British company ARM Holdings designs and licenses technology used in the manufacture of processors that power a vast array of mobile devices. ARM has various Cortex A-series CPUs that are designed for a wide range of devices; some focus on providing maximum performance in a mobile or enterprise power envelope, while others tend to run with energy efficiency and cost as the leading attributes.
With battery life a key concern for mobile devices, ARM understands that a single processor architecture isn’t ideally suited to powering entry-level, mid-range and high-end smartphones and tablets, as each have a different set of power and efficiency requirements. Exploring the high-end market further, there is little need for a powerful CPU when running low-intensity tasks such as emailing or MP3 playback – a smaller, more efficient CPU is able to complete the same task just as proficiently while sipping on considerably less power. Conversely, a powerful CPU is the best candidate for heavy-duty processing required for gaming or multi-page web browsing, where using a lower-power CPU could lead to a substandard experience.
How big. LITTLE works
Running a particular application on the most appropriate CPU/cluster requires that a device’s operating system and power-management algorithms, called dynamic voltage and frequency scaling (DVFS), monitor and allocate workload correctly. The operating system is in charge of deciding which cluster and CPUs are active, depending upon load, and ARM has fine-tuned the DVFS profiles to ensure that.

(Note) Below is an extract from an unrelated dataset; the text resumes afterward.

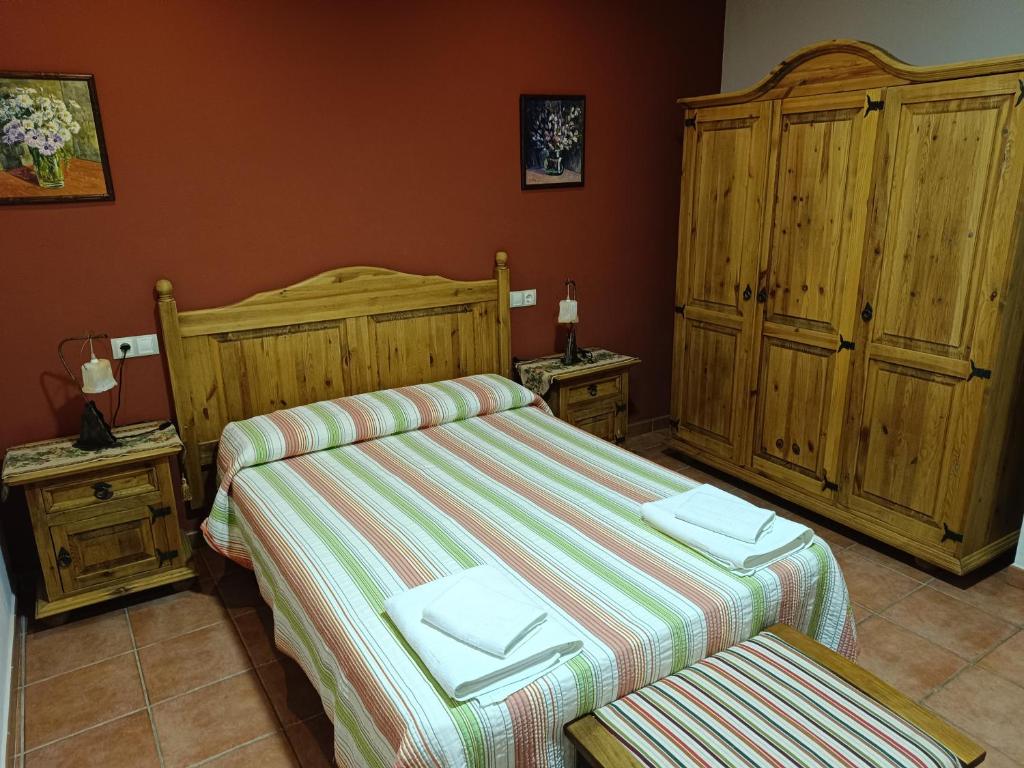 El BatánCASA RURAL CURTIDORES的一间卧室配有两张带毛巾的床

It takes around 30 microseconds for the big. LITTLE software to move the workload from one of the paired cores to another, based on load requirements, but the trade-off between lost time and improved energy efficiency is worth it. This paired approach of CPU Migration, or In-Kernel Switching, requires that the ARM Cortex processors have an equal number of cores. What this also means is that a maximum of four cores can be run at any time.